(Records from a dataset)
§

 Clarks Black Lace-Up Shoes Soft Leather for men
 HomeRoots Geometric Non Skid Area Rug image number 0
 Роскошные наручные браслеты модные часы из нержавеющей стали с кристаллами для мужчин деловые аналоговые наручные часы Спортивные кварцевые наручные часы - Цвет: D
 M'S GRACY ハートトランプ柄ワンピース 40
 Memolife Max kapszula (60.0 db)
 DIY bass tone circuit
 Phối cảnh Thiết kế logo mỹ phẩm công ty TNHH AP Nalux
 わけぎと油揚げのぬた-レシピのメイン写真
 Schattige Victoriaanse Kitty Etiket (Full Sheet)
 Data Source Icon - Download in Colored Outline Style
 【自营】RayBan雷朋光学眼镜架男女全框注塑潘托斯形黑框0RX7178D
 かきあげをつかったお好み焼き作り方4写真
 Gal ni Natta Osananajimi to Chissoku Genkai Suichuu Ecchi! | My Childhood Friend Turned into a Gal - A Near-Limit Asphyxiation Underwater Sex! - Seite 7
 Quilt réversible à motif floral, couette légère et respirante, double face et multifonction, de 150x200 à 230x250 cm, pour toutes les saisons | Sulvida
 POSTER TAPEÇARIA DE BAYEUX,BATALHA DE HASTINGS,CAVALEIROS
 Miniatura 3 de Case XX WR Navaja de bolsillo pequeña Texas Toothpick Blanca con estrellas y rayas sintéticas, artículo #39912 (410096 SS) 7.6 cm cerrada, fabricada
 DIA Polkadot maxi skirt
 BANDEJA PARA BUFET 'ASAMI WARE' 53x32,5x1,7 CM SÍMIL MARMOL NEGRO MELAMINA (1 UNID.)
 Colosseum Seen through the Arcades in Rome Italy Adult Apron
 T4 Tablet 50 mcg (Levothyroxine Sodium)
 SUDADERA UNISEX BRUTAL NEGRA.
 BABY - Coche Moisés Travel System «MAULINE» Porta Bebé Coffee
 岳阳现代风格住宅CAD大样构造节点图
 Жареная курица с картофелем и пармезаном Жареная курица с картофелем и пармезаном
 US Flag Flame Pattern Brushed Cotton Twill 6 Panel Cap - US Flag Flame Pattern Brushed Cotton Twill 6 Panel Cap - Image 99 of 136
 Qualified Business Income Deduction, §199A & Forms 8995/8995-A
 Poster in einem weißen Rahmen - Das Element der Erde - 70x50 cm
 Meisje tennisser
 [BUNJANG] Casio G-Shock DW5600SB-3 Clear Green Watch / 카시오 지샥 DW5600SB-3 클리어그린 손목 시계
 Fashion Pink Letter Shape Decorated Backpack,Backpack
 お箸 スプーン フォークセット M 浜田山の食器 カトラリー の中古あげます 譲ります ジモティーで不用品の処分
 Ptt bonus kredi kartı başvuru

§

All lines above from the line with "Gal ni Natta" through the line with "BANDEJA PARA BUFET", both included, are to be set down exactly, with nothing else.

◆ Output of the exercise
 Gal ni Natta Osananajimi to Chissoku Genkai Suichuu Ecchi! | My Childhood Friend Turned into a Gal - A Near-Limit Asphyxiation Underwater Sex! - Seite 7
 Quilt réversible à motif floral, couette légère et respirante, double face et multifonction, de 150x200 à 230x250 cm, pour toutes les saisons | Sulvida
 POSTER TAPEÇARIA DE BAYEUX,BATALHA DE HASTINGS,CAVALEIROS
 Miniatura 3 de Case XX WR Navaja de bolsillo pequeña Texas Toothpick Blanca con estrellas y rayas sintéticas, artículo #39912 (410096 SS) 7.6 cm cerrada, fabricada
 DIA Polkadot maxi skirt
 BANDEJA PARA BUFET 'ASAMI WARE' 53x32,5x1,7 CM SÍMIL MARMOL NEGRO MELAMINA (1 UNID.)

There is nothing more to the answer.